Guido Picelli, 1° maggio 1922
Il 9 ottobre 1889 nasceva a Parma Guido Picelli, politico del regno d’Italia dal 1921 al 1926 e antifascista fautore della storica resistenza parmigiana di via Bixio nelle 1922 alle milizie fasciste. Apprendista orologiaio in gioventù, presto decise di abbandonare la professione per mettersi in viaggio nel nord Italia, al fianco di alcune compagnie attoriali del tempo. Fino all’adesione e all’inizio di una carriera politica e militante tanto breve quanto intensa, iniziata con l’adesione al Partito Socialista Italiano e, in seguito allo scoppio della Prima Guerra Mondiale, con l’arruolamento volontario all’interno della Croce Rossa Italiana e nel Reggimento fanteria di Piacenza come sottotenente.
Gli anni più cari a Parma della vita di Picelli sono senz’altro quelli della resistenza antifascista: una volta rientrato in Città e aderito alla Lega proletaria mutilati, invalidi, reduci, orfani e vedove di guerra di cui divenne segretario, nel 1920 fondò le Guardie Rosse e nel 1921 fu eletto alle elezioni politiche con il PSI. Proprio per fronteggiare le squadre fasciste sul piano militare, nel 1921 Picelli costituì gli Arditi del Popolo. Sarà il 31 luglio del 1922, in occasione dello Sciopero legalitario proclamato in tutta Italia dall’alleanza del Lavoro che Guido, con il fratello Vittorio, guiderà a Parma un fronte unico antifascista.

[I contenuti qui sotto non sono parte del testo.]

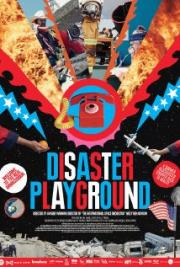 Disaster Playground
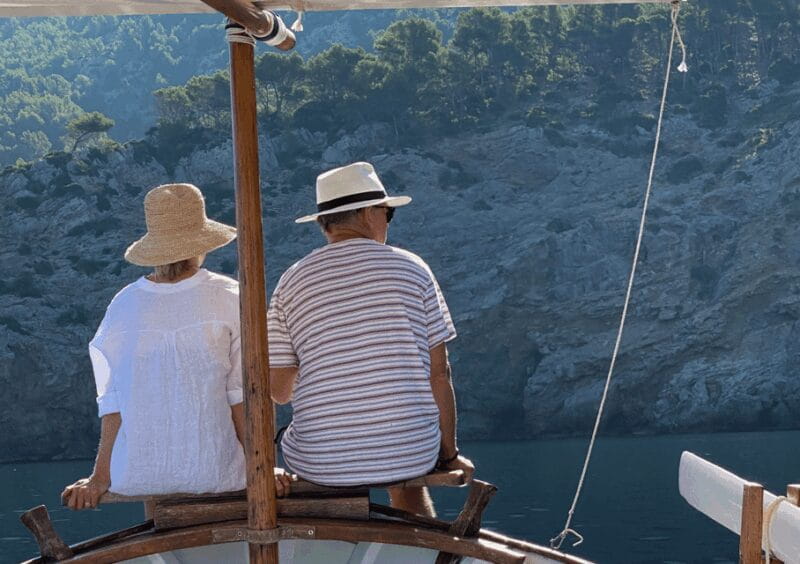 Mallorca: Alcudia, Private Boat Tour. - Why You Should Consider This Experience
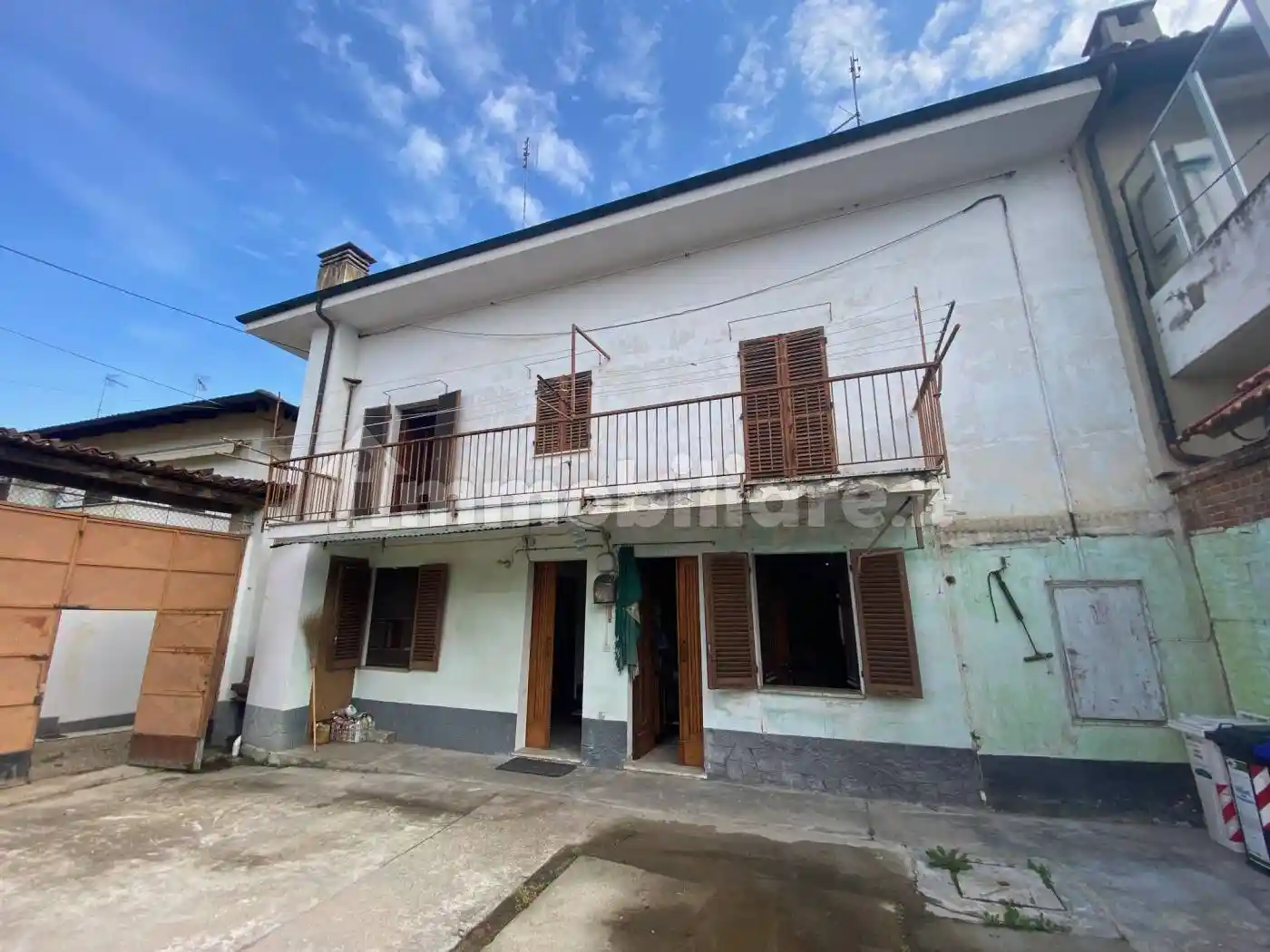 Villa in vendita a Poirino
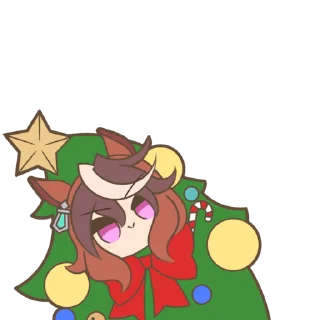 Video sticker 🎄 Больше стиков тут: @premstickery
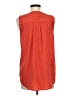 Faith and Joy Red Tank Top Size M - photo 2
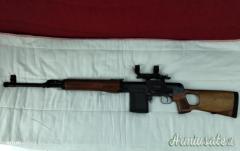 IZHMASH TIGR  .308 Winchester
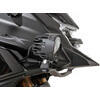 Kit de montage de projecteur Honda CB 500 X '19- SW-Motech EVO - Photos 3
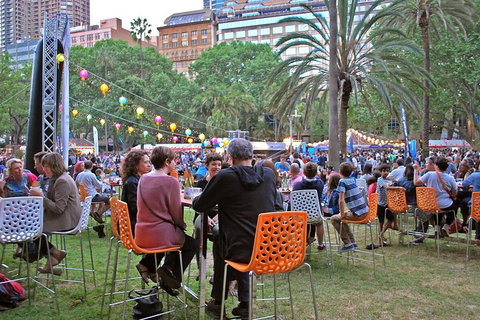 Family Day In Sydney With A Local: Private & Personalized - Schoolies Week Accommodation 5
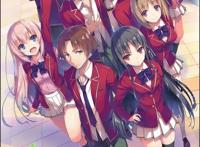 动漫推荐盘点向,本季推特热度最高的动漫你都看了么!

Se lo sciopero falliva a livello nazionale per mano del Partito Nazionale Fascista, Parma resisteva tanto da costringere i vertici di Partito a inviare Italo Balbo in città per studiare la situazione. La mattina del 4 agosto i presso la stazione fu tentato un primo attacco al quartiere di Oltretorrente dove si erano nel frattempo asserragliati i socialisti. L’assedio fu respinto fino al punto che Balbo fu costretto a rivolgersi al Governo che proclamò lo Stato d’assedio passando i poteri ai militari e facendo ritirare dalla Città le squadre d’azione.
Dopo la Marcia su Roma del 14 dicembre 1922, Picelli fonderà i Gruppi segreti di azione, operativi a Parma nei primi mesi del 1923: nel maggio dello stesso anno, Picelli e altri trentasei comunisti vennero arrestati in quello che è ricordto come il “complotto delle cappe nere“, il quale portò alla decapitazione dei vertici comunisti parmensi. Picelli ebbe salva la vita grazia alla negazione a procedere da parte della Camera.
La successiva carriera politica di Picelli si compone dell’abbandono del PSI per diventare il nuovo leader del Partito Comunista d’Italia, dell’azione in favore del Meridione con cui mantenne contatti assidui e della partecipazione nel 1924, per la prima volta a Parma, di una lista comunista che si unì con una parte di socialisti raccogliendo il 3,6% complessivo nella Provincia di Parma e il 9,8% in città.
Dopo aver preso parte alla secessione dell’Aventino nel 1924 e in seguito alla promulgazione delle Leggi fascistissime, nel 1926 Picelli fu dichiarato decaduto dal mandato parlamentare, arrestato e condannato a cinque anni di confino che scontò a Lampedusa e a Lipari, dopo sette mesi di carcere a Siracusa e Milazzo. A questo seguiranno gli esili in Francia e in Unione Sovietica nei primi anni Trenta e la partecipazione alla Guerra civile spagnola, durante la quale Guido Picelli cadrà combattendo come volontario il 4 o 5 gennaio del 1937.